Lee Peak from Bristlecone Trail

 With most of the active club hikers at Sequoia National Park this weekend, we were very pleased to have ten club hikers gather for a hike around the No Name / Bristlecone Loop in the Spring Mountains NRA. We traveled up Lee Canyon Road to the very end and started hiking up between the fencing which is meant to keep errant hikers from trampling on some of the Mt. Charleston Blue Butterfly habitat. The air smelled of smoke but there were no forest fires nearby, only camp fires. Soon, quite a bit of wind whipped up and blew the smoke away.

Starting Up No Name Trail
 We hiked up the Bristlecone Trail for a mile then came to the No Name junction. Forest and Wilderness officials have tried to make the No Name Trail appear forbidding. True, it isn't a trail for novice hikers.

Rear View on No Name Trail

 The No Name Trail is an abandoned section of the Bonanza Trail. It is steep and, in some places, slippery. But, it is also a very beautiful section of trail and worth the effort. No Name divides when it begins heading up a rocky wash. The No Name trail continues zigzagging up and across the wash. The trail that climbs up to the left of the wash leads to Wallace Canyon Saddle (also a beautiful destination). We continued our climb up No Name Trail huffing and puffing. It always feels great to get the old lungs moving.

Almost up to No Name Saddle
 Finally, we reached the saddle and climbed up to the high point to our right to take in the views and enjoy a longish rest.

McFarland Peak from Saddle Area

 This was a loquacious group of hikers and the rest went on until the natives got restless. The trail continues across the high point and into the forest of old bristlecones beyond. This part of No Name is one of the most beautiful sections of trail in this area. With very little elevation change, hikers are free to enjoy the wooded scenery of krummholtz trees for almost half a mile. A ridge was not too far up to the right and a steep canyon dropped down to the left.
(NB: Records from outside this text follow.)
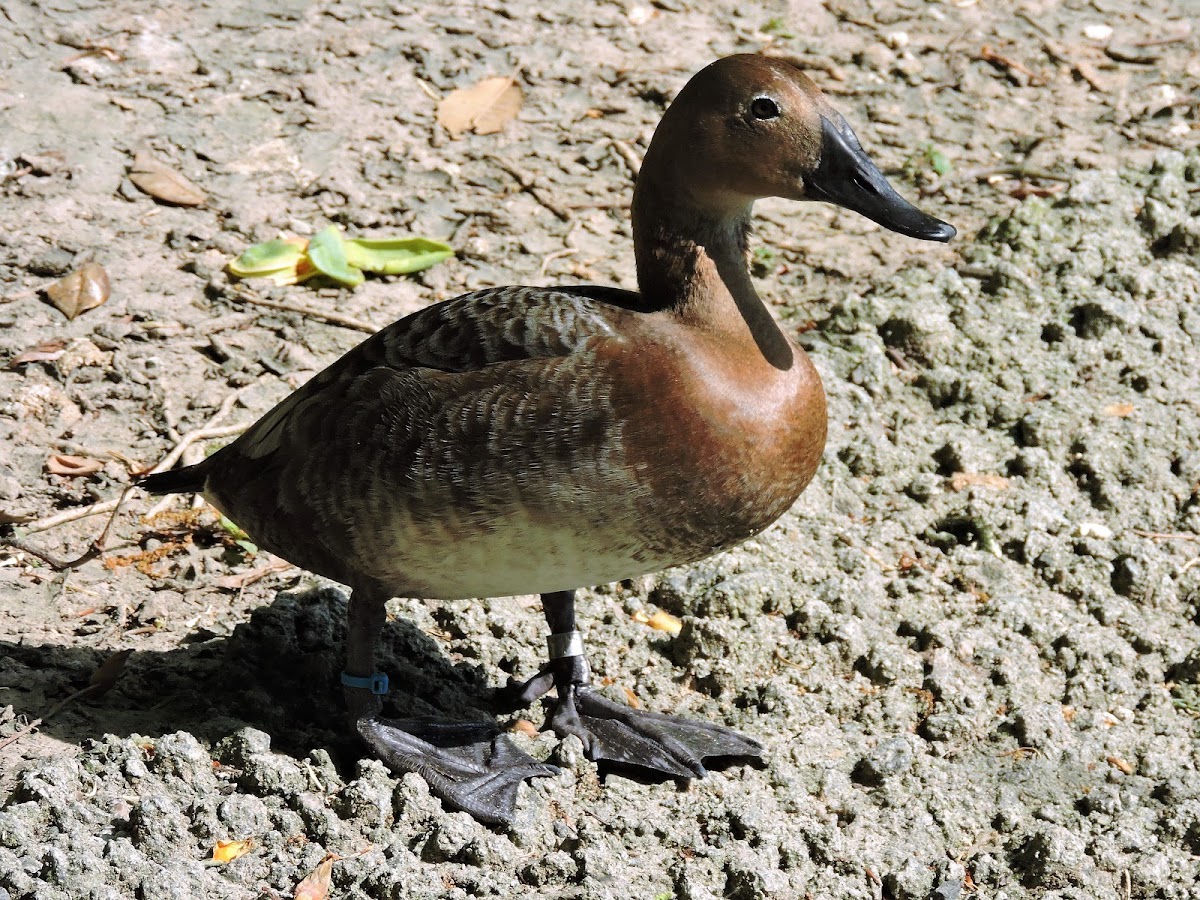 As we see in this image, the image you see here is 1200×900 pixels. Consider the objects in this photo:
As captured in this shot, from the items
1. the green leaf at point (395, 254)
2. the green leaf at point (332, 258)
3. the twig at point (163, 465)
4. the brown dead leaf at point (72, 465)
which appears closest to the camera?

Trail Through Old Bristlecones
 The forest trail dead ends into the newer Bonanza Trail right where the Wilderness signs mark the occasion. There are many sizable logs outlining the Bonanza Trail here and they are often used for seating during a snack break ... like we did today.

No Name / Bonanza Trail Junction

 For the next part of the hike, we turned right onto the Bonanza Trail and proceeded down half a mile of four switchbacks that junction at the end on the Bristlecone Trail. The junction arrives at the point where the Bristlecone Trail changes from a hard packed single track trail to the remains of a gravel forest road known as Lower Bristlecone. The sun was relentless, today, so we didn't stop here long for lack of shade. The summer solstice allowed for very few shady spots.

Bonanza Trail / Bristlecone Trail Junction with South Sister in Background
 We made our turn to the right and joined several other recreational hikers for the trip back down the single track trail.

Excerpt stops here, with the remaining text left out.